What is expected: Leave out the pictures, and quote exactly the lines running from the one with "Продавам статуетка Давид!" through the last line of the entries below.

(Source records)
+ + + + +

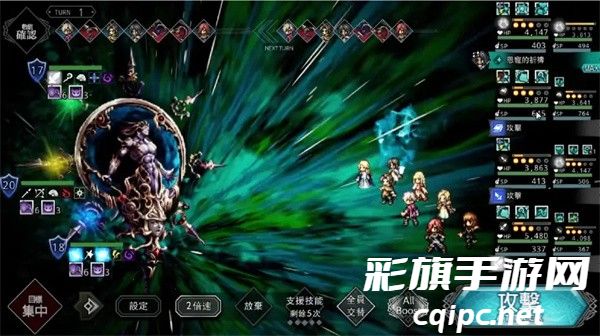 《歧路旅人:大陆的霸者》巨刃获取方法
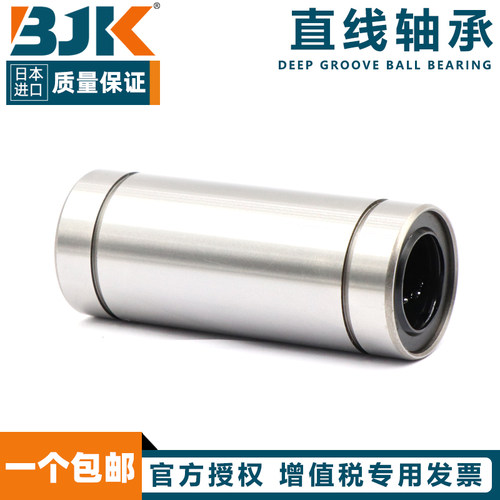 日本进口BJK直线轴承加长LM 6 8 10 12 13 16 20 25 30 35 40LUU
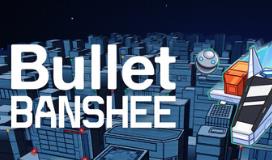 子弹女妖/Bullet Banshee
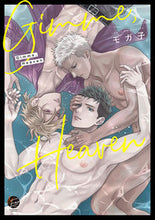 画像をギャラリービューアに読み込む, #モガ子 著 #Gimme,Heaven モガコ :9784796415194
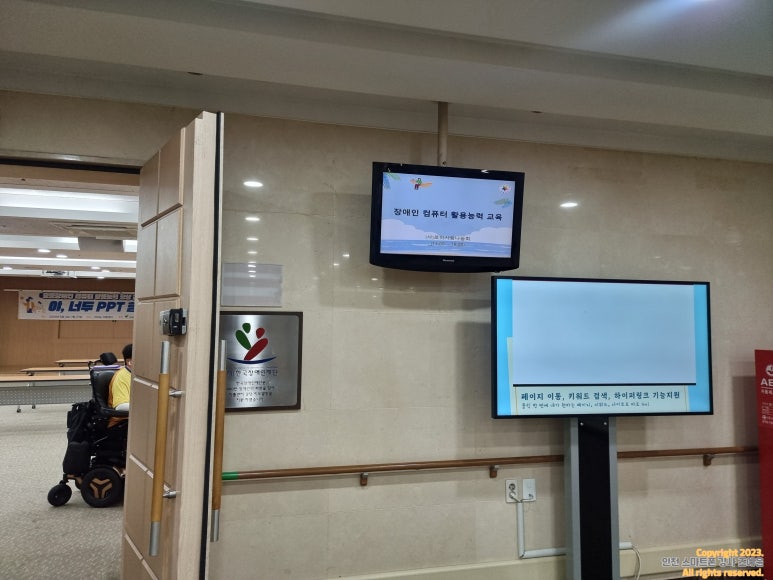 로이컴퓨터 이미지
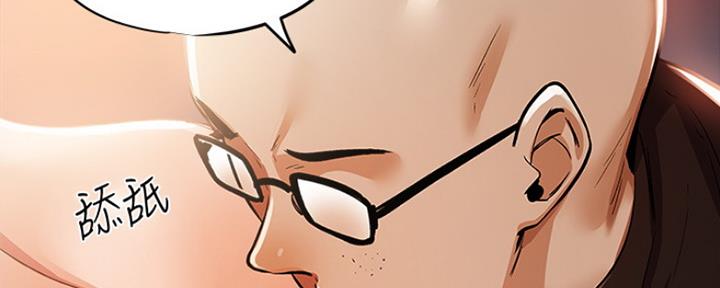 第16话124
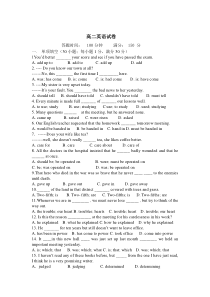 吉林省长春市第二十九中学2020-2021学年高二下学期期末考英语试卷含答案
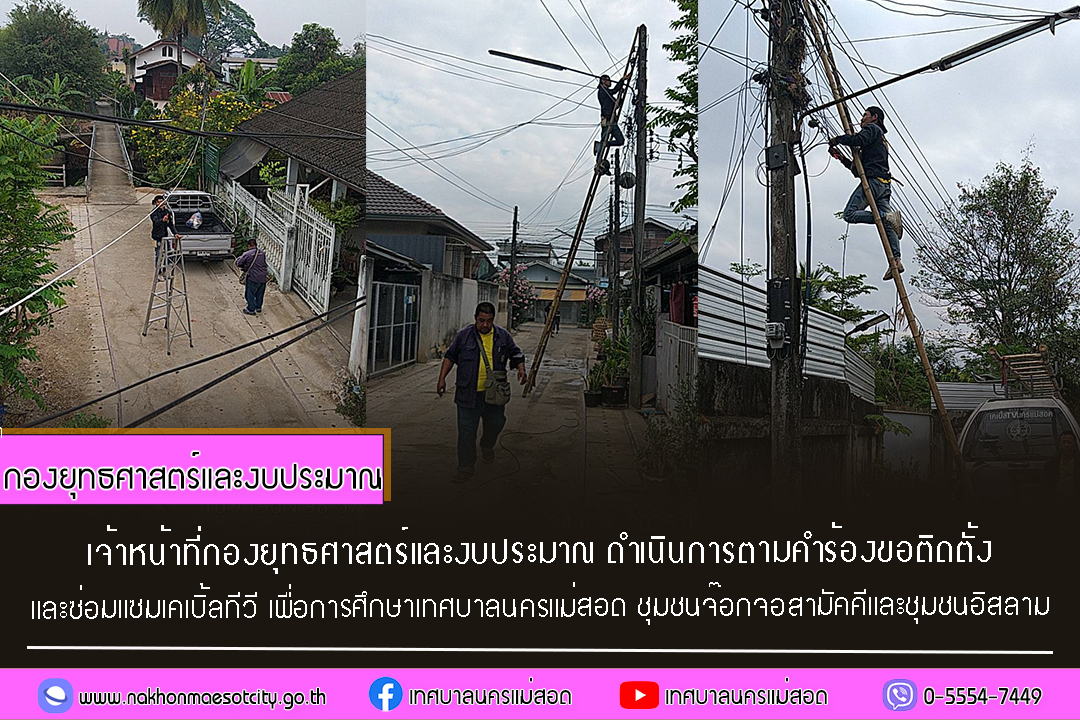 ข่าว/กิจกรรม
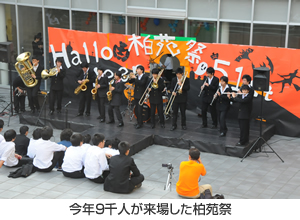 東京都市大学付属中学・高等学校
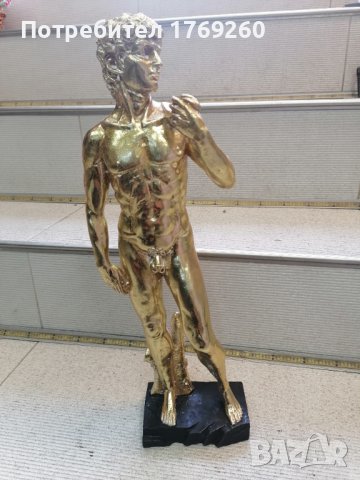 Продавам статуетка Давид! 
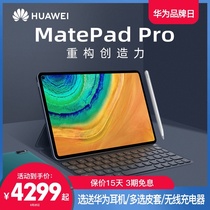 1⃣(Scarce Source spot) Huawei tablet Matepad pro 10 8-inch large screen smart full network call tablet PC two-in-one pad Android matep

+ + + + +

Answer section:
 Продавам статуетка Давид! 
 1⃣(Scarce Source spot) Huawei tablet Matepad pro 10 8-inch large screen smart full network call tablet PC two-in-one pad Android matep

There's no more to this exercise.